Ainsi, le ministère de l’Équipement et de l’Eau a organisé, lundi à Rabat, un séminaire placé sous le thème « La gestion optimale des marchés publics : un mécanisme de prévention des litiges ». Cette rencontre a mis l’accent sur l’amélioration de la gouvernance contractuelle et sur la nécessité de réduire les contentieux liés à l’exécution des marchés publics.

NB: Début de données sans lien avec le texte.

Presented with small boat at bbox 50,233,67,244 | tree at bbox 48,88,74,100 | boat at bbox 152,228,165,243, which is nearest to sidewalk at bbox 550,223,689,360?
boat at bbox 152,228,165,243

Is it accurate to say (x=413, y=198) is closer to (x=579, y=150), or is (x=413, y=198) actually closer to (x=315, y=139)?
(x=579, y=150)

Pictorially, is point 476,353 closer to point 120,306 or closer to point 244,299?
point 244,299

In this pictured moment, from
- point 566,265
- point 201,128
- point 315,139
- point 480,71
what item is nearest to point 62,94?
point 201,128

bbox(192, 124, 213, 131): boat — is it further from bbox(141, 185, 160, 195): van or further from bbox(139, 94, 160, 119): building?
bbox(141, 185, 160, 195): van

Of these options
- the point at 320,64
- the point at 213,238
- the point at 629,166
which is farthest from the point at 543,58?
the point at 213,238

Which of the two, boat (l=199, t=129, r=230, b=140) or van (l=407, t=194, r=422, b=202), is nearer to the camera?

Dans ce contexte, Nizar Baraka a défendu une approche résolument orientée vers la performance, fondée sur trois piliers complémentaires. D’abord, l’efficacité économique, à travers une utilisation rationnelle et optimisée des fonds publics. Ensuite, l’équité territoriale, en garantissant un accès équilibré aux investissements publics pour l’ensemble des régions du Royaume. Enfin, la consolidation de la confiance publique, par le renforcement de la transparence, de la reddition des comptes et de la crédibilité de l’action publique.

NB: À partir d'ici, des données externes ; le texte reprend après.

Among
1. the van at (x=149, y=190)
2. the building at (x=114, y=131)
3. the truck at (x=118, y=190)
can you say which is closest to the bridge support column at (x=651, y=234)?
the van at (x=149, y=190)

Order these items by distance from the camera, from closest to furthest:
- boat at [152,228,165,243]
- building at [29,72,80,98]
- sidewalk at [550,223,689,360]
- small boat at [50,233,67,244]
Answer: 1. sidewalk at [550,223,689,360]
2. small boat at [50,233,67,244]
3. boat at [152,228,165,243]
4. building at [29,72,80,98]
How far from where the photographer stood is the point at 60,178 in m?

Par ailleurs, le ministre a rappelé que la réforme de la commande publique figure parmi les priorités structurelles du Maroc depuis plusieurs années. Cette réforme traduit la volonté de l’État de considérer les marchés publics non comme une routine administrative, mais comme un outil stratégique de développement économique et social, conforme aux Hautes Orientations de Sa Majesté le Roi Mohammed VI, axées sur l’efficacité, la responsabilité et la gestion par les résultats.
De manière opérationnelle, Nizar Baraka a insisté sur l’importance d’une démarche préventive rigoureuse, intégrant une évaluation précise des besoins, une rédaction claire des cahiers des charges, des critères objectifs d’attribution et des cadres contractuels actualisés. Cette approche vise à anticiper les risques liés à la fluctuation des coûts, aux retards d’approvisionnement, aux contraintes environnementales ou aux mutations technologiques.
Dans le même esprit, le ministre a annoncé le lancement de sessions de formation conjointes avec le Conseil supérieur du pouvoir judiciaire. Ces formations visent à renforcer la compréhension mutuelle des aspects juridiques et techniques de la commande publique, tout en améliorant la coordination entre l’administration et l’appareil judiciaire.
Enfin, la création d’un « Guide de la jurisprudence du ministère de l’Équipement et de l’Eau » illustre cette volonté de sécurisation juridique. Les chiffres présentés par Mohamed Abdennabaoui, premier président de la Cour de cassation, confirment l’urgence de cette démarche, avec une augmentation continue des litiges liés aux marchés publics. Face à cette réalité, le Maroc s’engage clairement vers une commande publique plus performante, mieux encadrée et juridiquement sécurisée.